Having many shallow relationships is the first (well, second) step towards having a few deeper ones. You can't befriend people you never meet, and people find it extremely offputting for someone they don't know to immediately try to be their best friend.


I've never, ever seen a shallow friendship turn into a deep friendship. OTOH you might meet someone to date.


Plenty of my former coworkers have evolved into lifelong substantial friendships.

What started with smalltalk evolved into conversations over lunch which then afforded after work socializing which then led to actively scheduling time for shared interests. All of those provided ample opportunity to learn almost everything about that person and open the door to a deep friendship when mutually desired.

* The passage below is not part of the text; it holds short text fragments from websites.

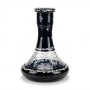 Photo #4 de Chicha en verre Tribal noire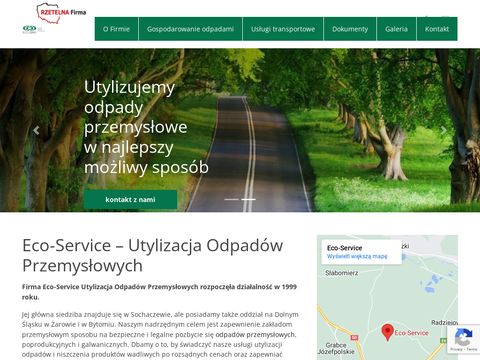 Eco-Service odpady przemysłowe Wrocław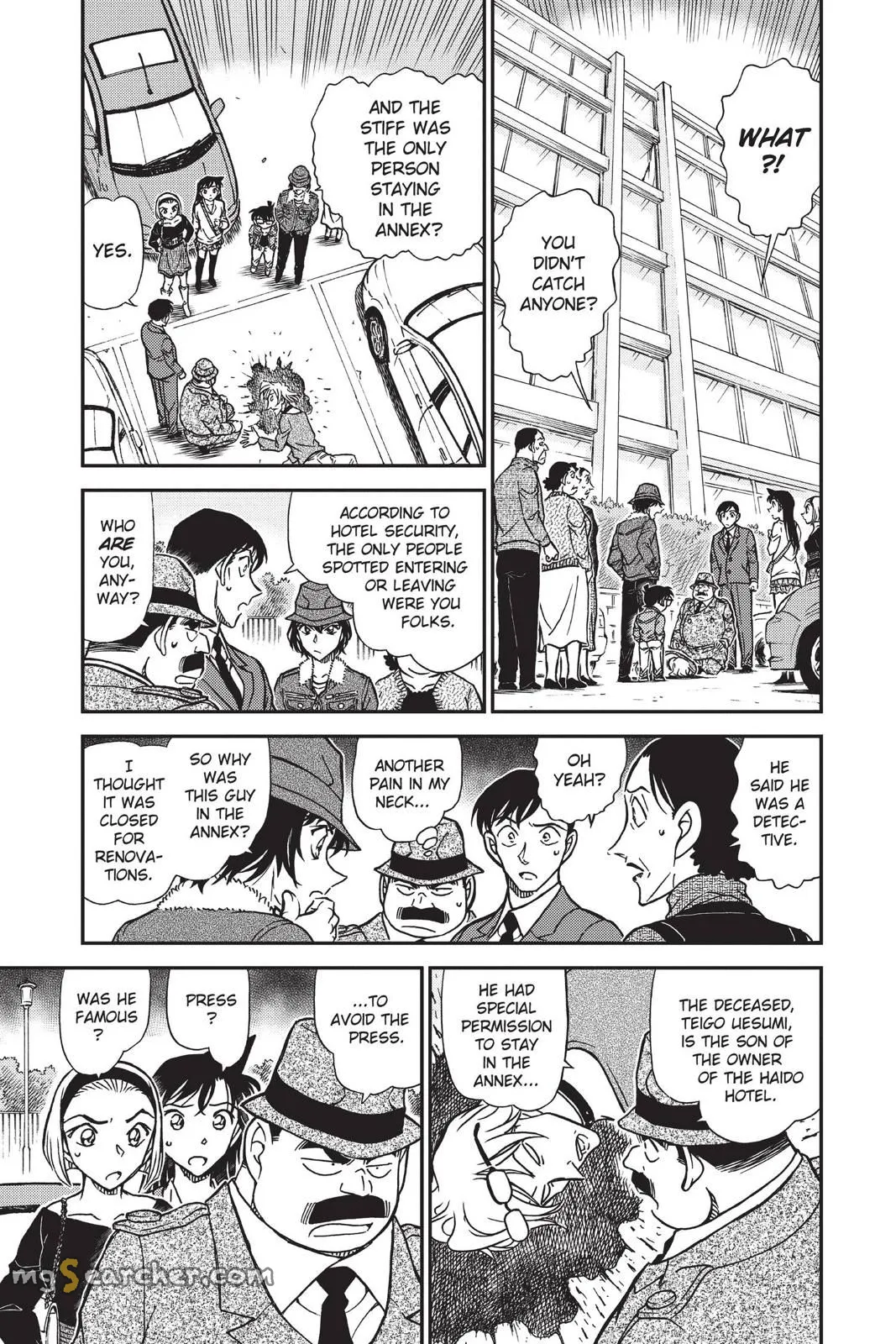 Read Detective Conan EN Manga Online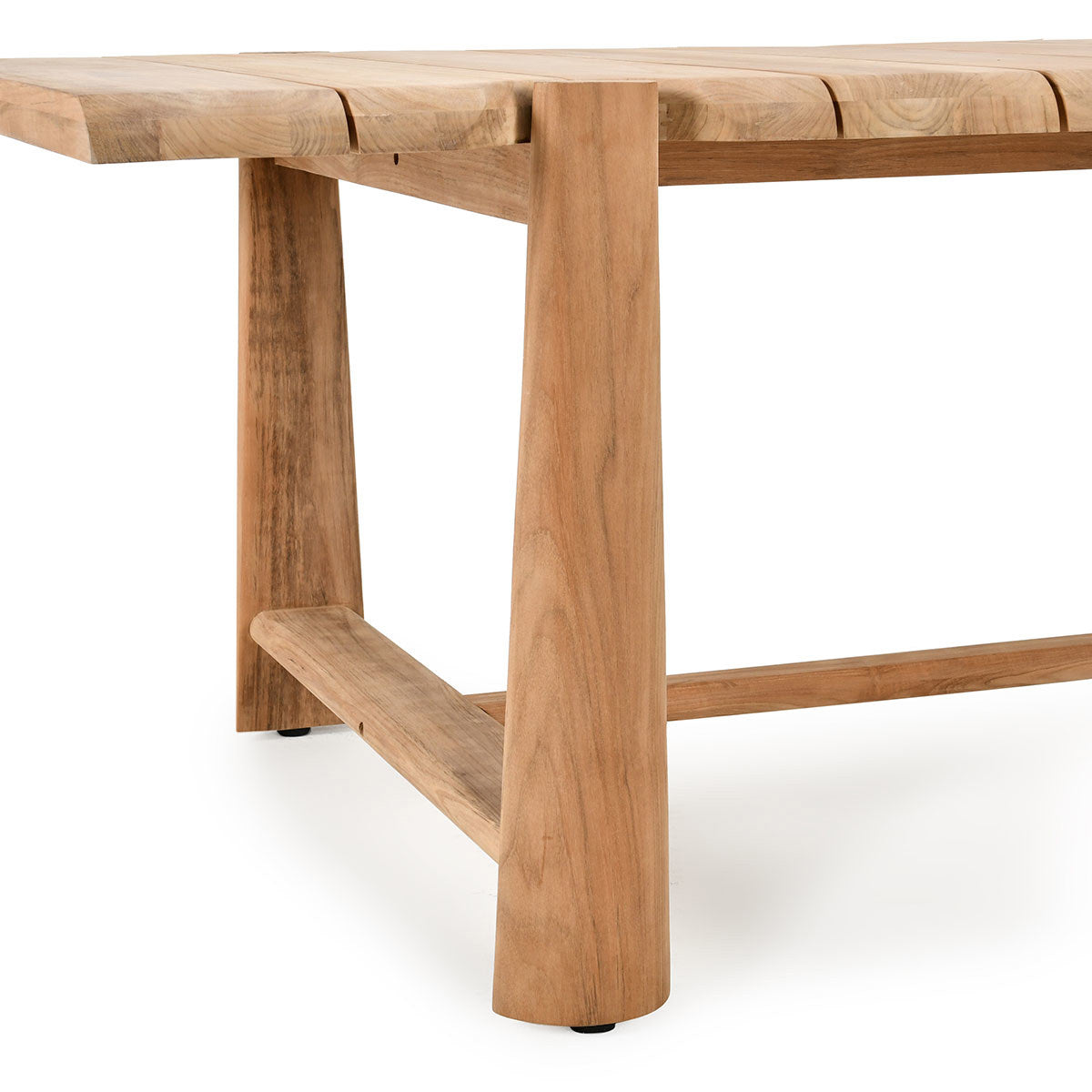 Natural Grade-A Teak Wood Outdoor Dining Table Aston Outdoor Dining Table Collection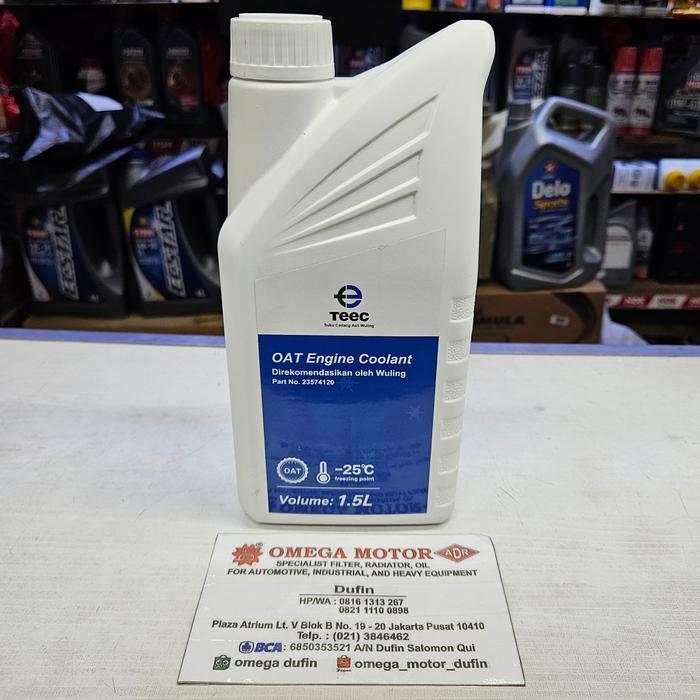 Ready coolant wuling (air radiator wuling) 1.5liter original asli 100%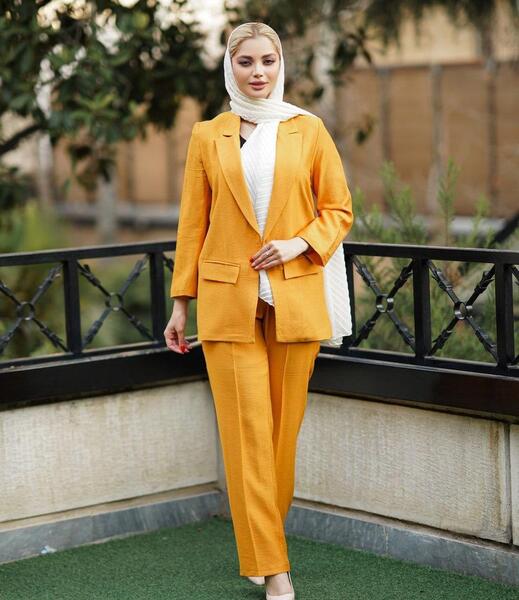 عکس کت و شلوار تابستانه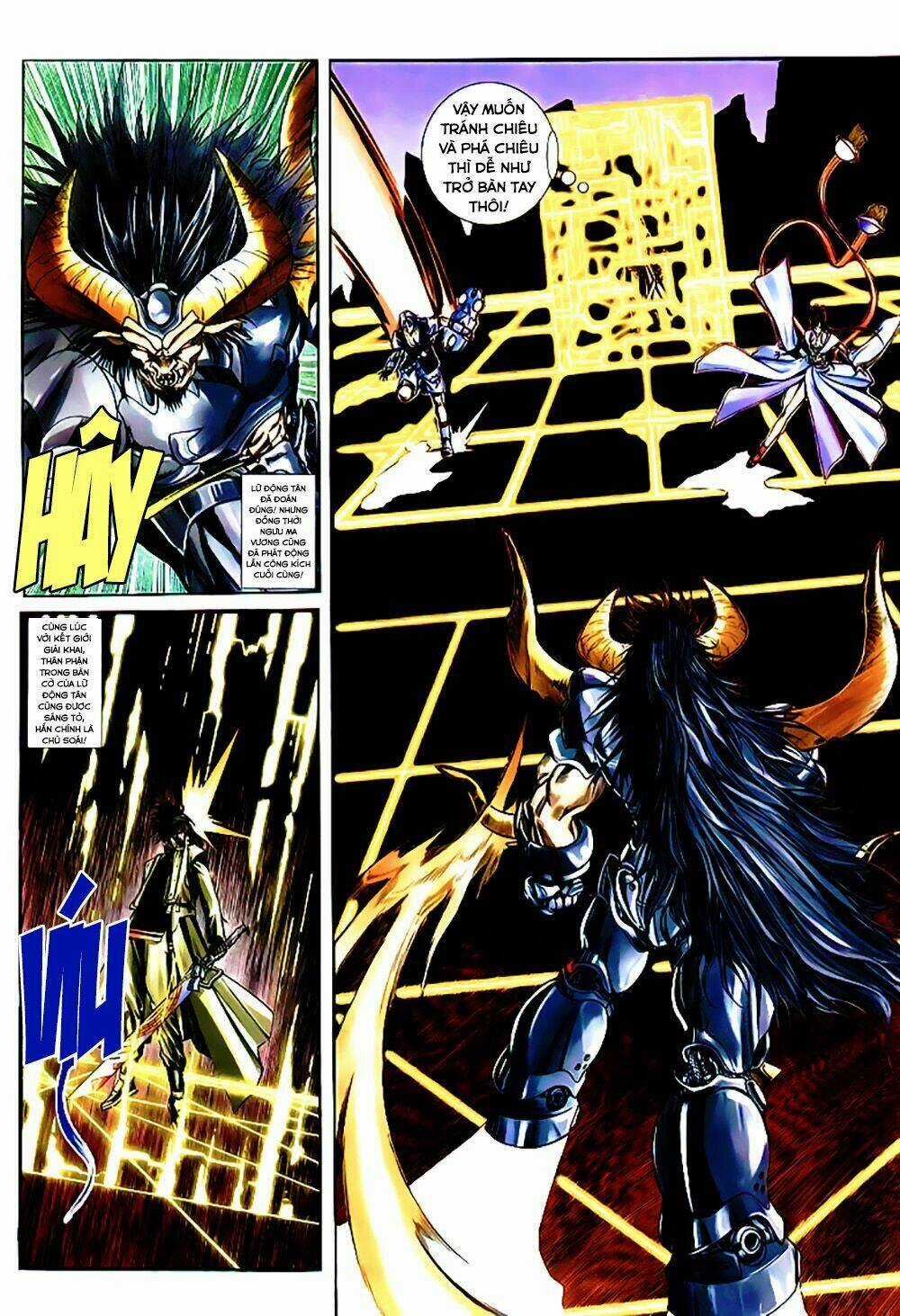 Bát Tiên Đạo Chapter 30 trang 28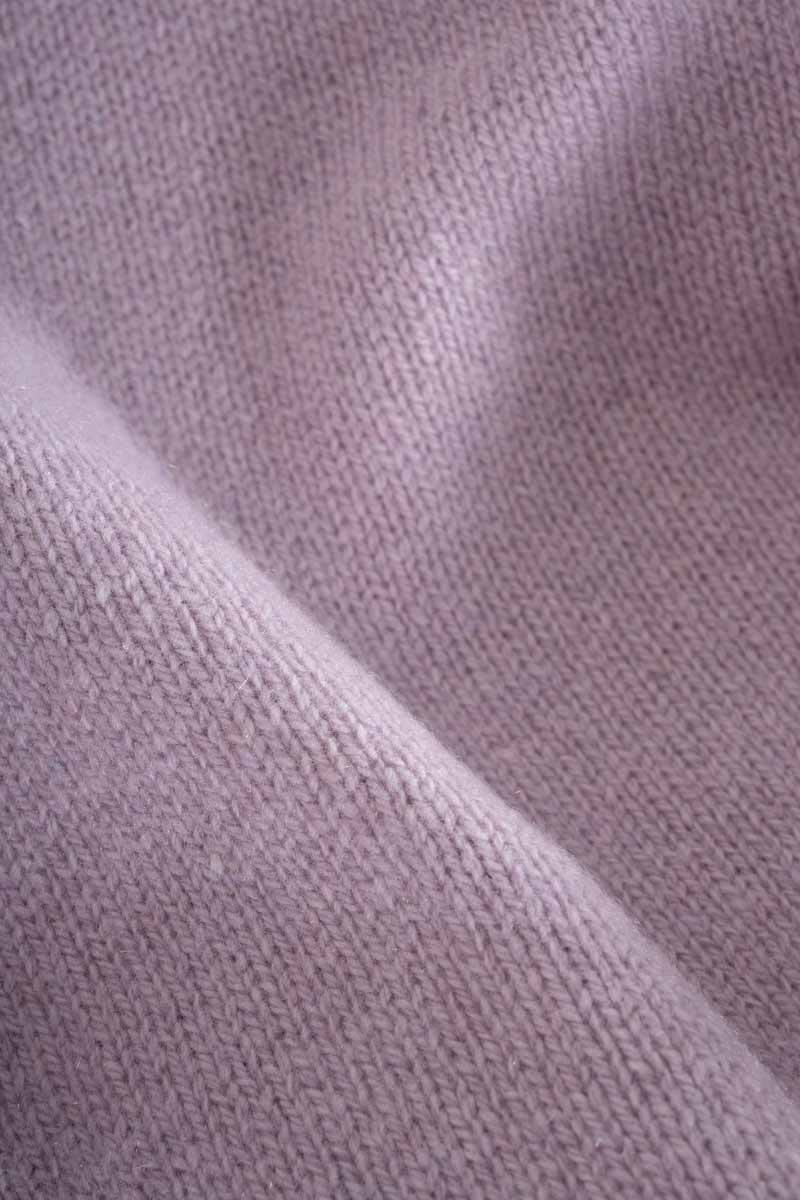 Maglia Donna Cashmere Rigenerato Edda - Rifò
Lilla Lavanda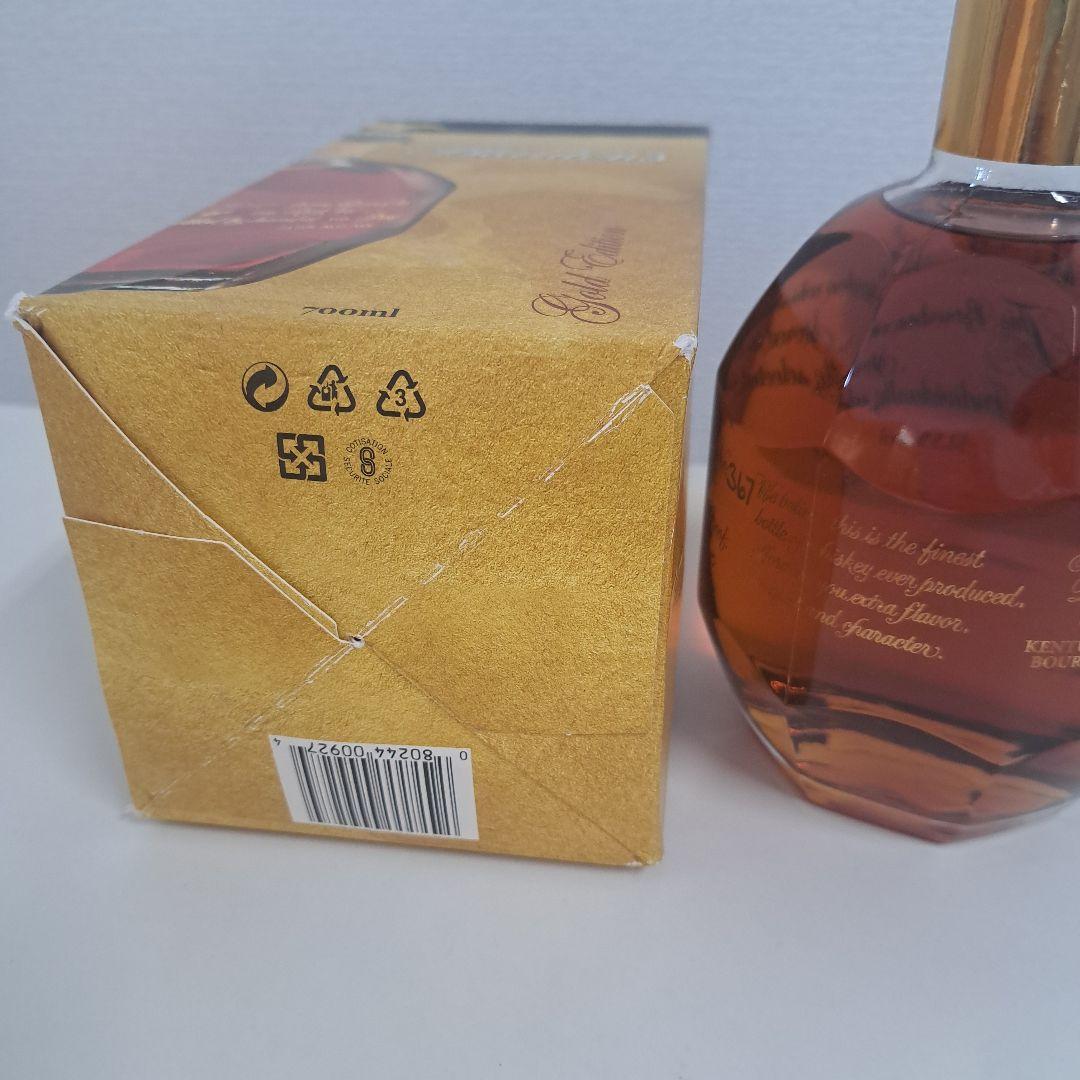ウイスキー Blanton's Gold Edition 700ml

Have you never made a deep friendship? How else would anybody make deep friendships? First you do things that let you meet people, then you make acquaintances, then you make setting-specific friends (work friends, gym buddies, etc), then you start inviting/being invited to do things that aren't based around that shared setting, and then you have friendships.

Either that or your definition of deep friendship is substantially off.


Most of my deep friendships were through friends and family. A handful at work/school. And it is the same way for most people I know. But I'm not American, so that's that.


Making friends through work and school are pretty much exactly what I described. You go to a place with people, you meet a lot of people, and some of the shallow acquaintances end up becoming long term friends.


>>>>>>> "Not for everyone but if you can, get a dog."

Your original comment.


The key is: have a conversation starter.

It can be any other activity that requires more than one person. For example I started going to dance classes with my partner in november and what was just awkward "hello there" interactions before the holidays when we had to swap dance partners is now a bit more comfortable and we exchange a bit much and even have a chit chat after class at the door. It is waaaaaay too early to know if it will create new long term friends but the dynamic is here and after just a few weeks I can already spot the people I have absolutely no wish to know more about and those that I feel natural chatting with.


You seem extremely judgemental and narrow in your view of the world. This is probably why you have difficulty forming deep friendships without the social proof of family.

As a counter example, I've made some of the best friends of my life through walking my dog at the local dog park over the last decade. Seeing how people are dedicated to and treat their dogs gives me a great insight into their personalities.


Really? Growing up almost all of my parents best friends were the parents of my best friends. This is a common story among my current group of friends.